June 27, 1993|By WERNER RENBERG

"I am interested in purchasing a very diversified bond mutual fund," a Florida reader writes.

"I want to find a fund that has some of everything, including intermediate- and long-term bonds, corporate and government, high-grades, as well as some lower-rated, and both foreign and domestic.

"My stockbroker does not seem to be aware of such a diversified bond fund. Would you know of any like this?"

He doesn't explain why he's interested in such a fund, but it's a good guess that he has a couple of reasons:

* He wants to be invested in all these sectors of the bond market but doesn't want to bother finding suitable funds concentrated in each sector, deciding how much to invest in each fund to maximize his return, changing the allocations when desirable and doing all the paperwork.

* He can't invest enough money to satisfy the minimum initial-investment requirements of all the funds whose shares he would have to buy.

If you, too, want to be invested across the bond-market spectrum, there are several funds to consider.

Lipper Analytical Services generally classifies funds invested in these four broad sectors as general bond funds or flexible-income funds. The former are funds that are invested in corporate- and government-debt issues without quality or maturity restrictions. The latter, which are funds that emphasize income, also may own common stocks.

In the flexible-income group, you will find Janus Flexible Income Fund, MFS Income & Opportunity Fund and Strong Income Fund, as well as T. Rowe Price's Spectrum Income Fund, which invests in other Price bond funds and its Equity Income Fund. All but the MFS fund are no-loads.

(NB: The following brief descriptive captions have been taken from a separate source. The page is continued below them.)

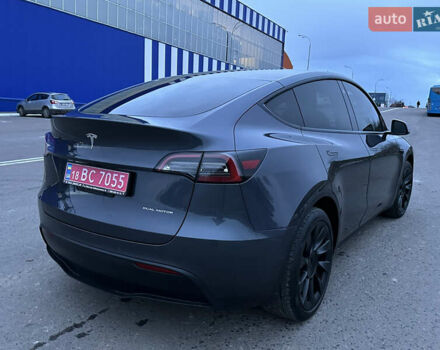 Серый Тесла Model Y, объемом двигателя 0 л и пробегом 110 тыс. км за 23700 $, фото 7 на Automoto.ua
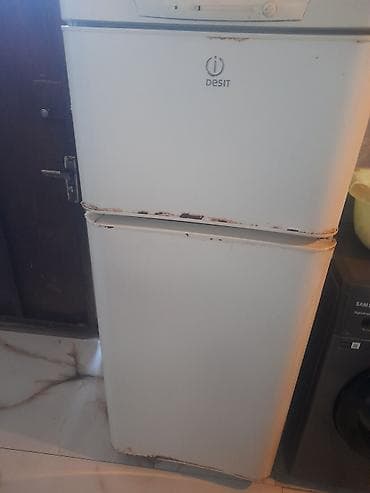 magintafon satisi: 2 qapılı Indesit Soyuducu Satılır, rəng - Ağ — 1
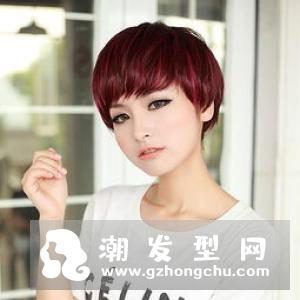 纹理烫是经典的烫发发型之一,头发的弯曲弧度介于直发与卷发之间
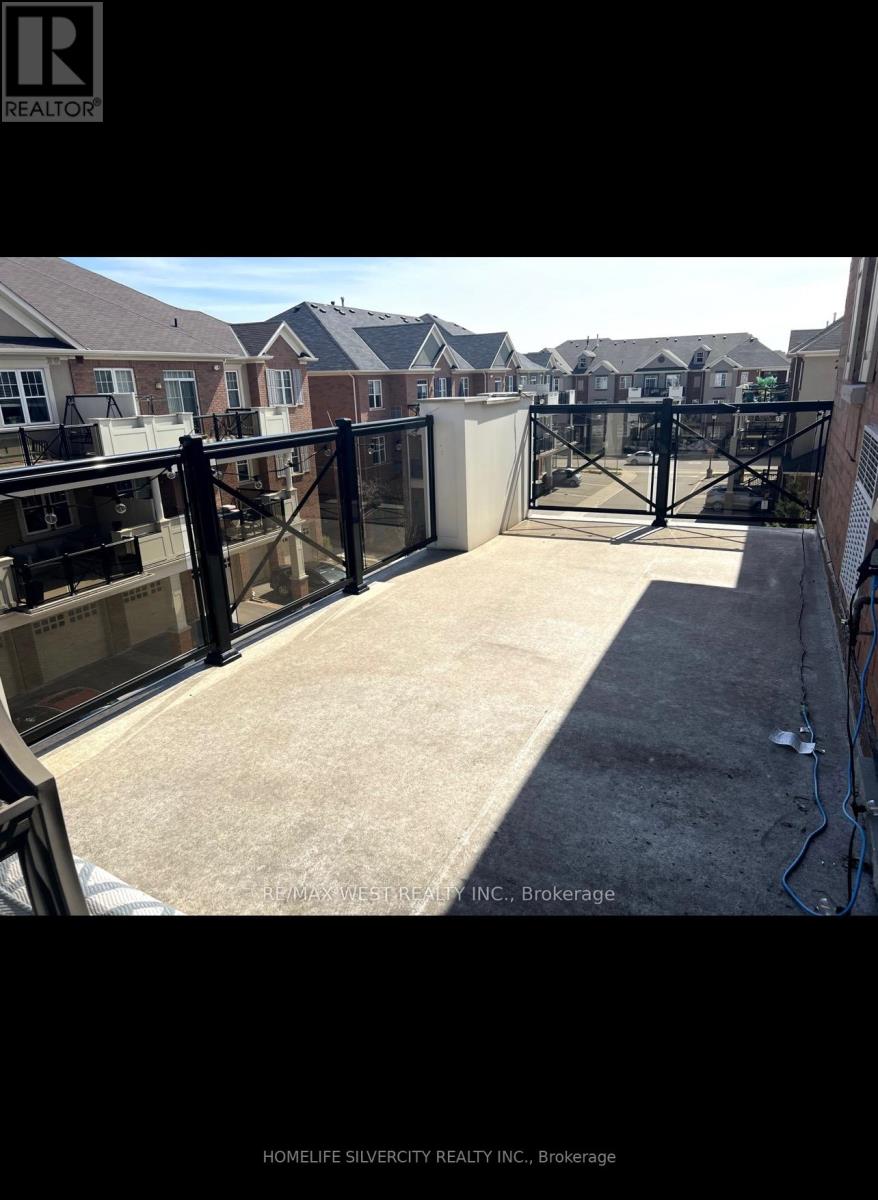 305 - 269 Georgian Drive, Oakville, Ontario  L6H 0L3 - Photo 11 - W12369287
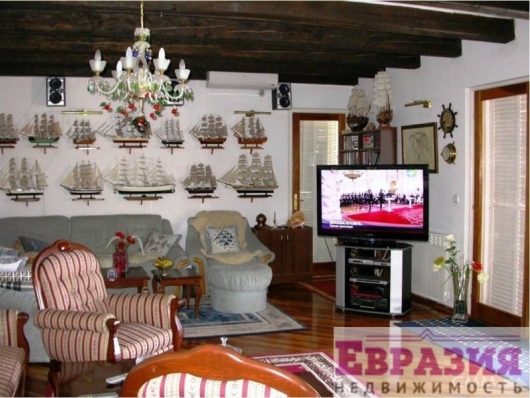 Трехэтажный дом в Луштице, Герцег Нови - Черногория - Херцег-Нови - Герцег Нови, фото 2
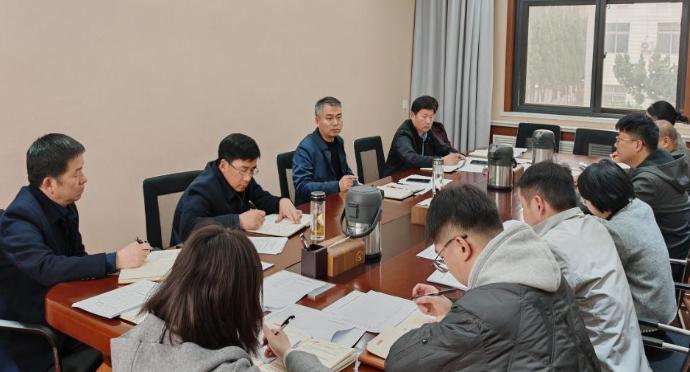 區(qū)委書(shū)記尹農(nóng)綱參加區(qū)委辦黨支部2024年度組織生活會(huì)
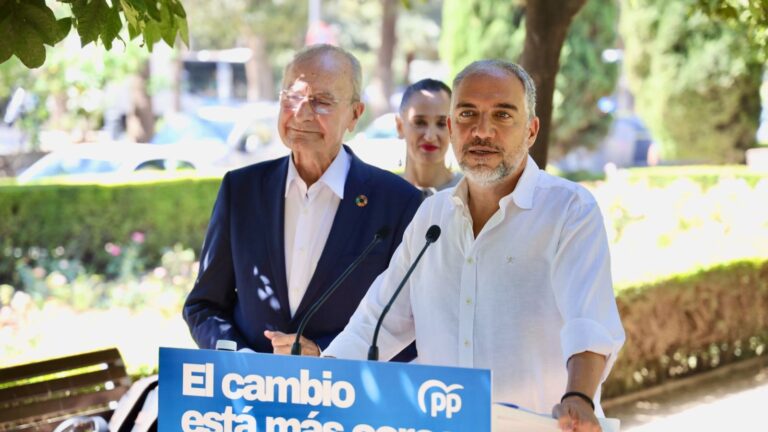 Bendodo pide a Sánchez que "salga de la playa" y comparezca en el Congreso por la crisis migratoria de Ceuta
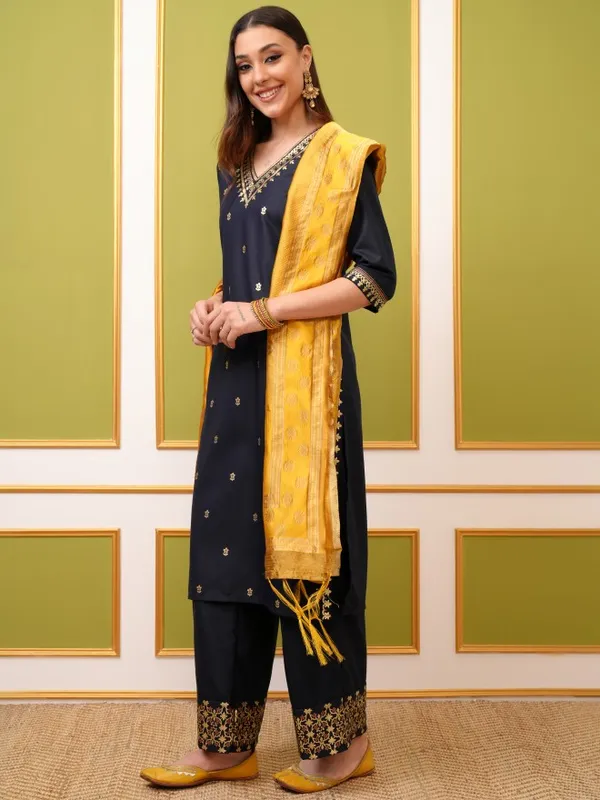 Vishudh Women Navy Blue Printed Kurta With Palazzo And Dupatta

The general bond-fund group includes AIM Income Fund, IDS Bond Fund, Keystone B-2 and National Multi-Sector Fixed Income Fund.

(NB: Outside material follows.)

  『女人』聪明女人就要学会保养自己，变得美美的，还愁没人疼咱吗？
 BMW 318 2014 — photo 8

Other funds -- sponsored by such companies as Colonial, John Hancock, Oppenheimer, Putnam, and Shearson -- are concentrated in governments, junk and foreign; they bypass investment-grade corporates.

As you study such "some of everything" funds, you'll find that they usually aim to offer high current income and less volatility than a fund concentrated in only one sector.

The underlying assumptions: At any time, one or two sectors may outperform the others -- they may even move in opposite directions. So, managers will try to optimize their funds' asset allocations.

Investing in one of these funds clearly involves betting on both a manager's allocation decisions, which may be constrained by a fund board's policy guidelines, and the quality of his bond selections.

When screening these categories for a bond fund that's likely to appeal to you, be sure to study performance in the context of both the fund's investment policy and the manager's implementation.

Just three years old, Price's Spectrum Income Fund provides the collective judgment of a number of Price's fund managers. Its largest position is in New Income Fund (25 percent), an investment-grade bond fund. The others: High Yield (20 percent), GNMA (15 percent), Equity Income (15 percent), International Bond (12.5 percent), Short-Term Bond (7.5 percent) and Money Market (5 percent).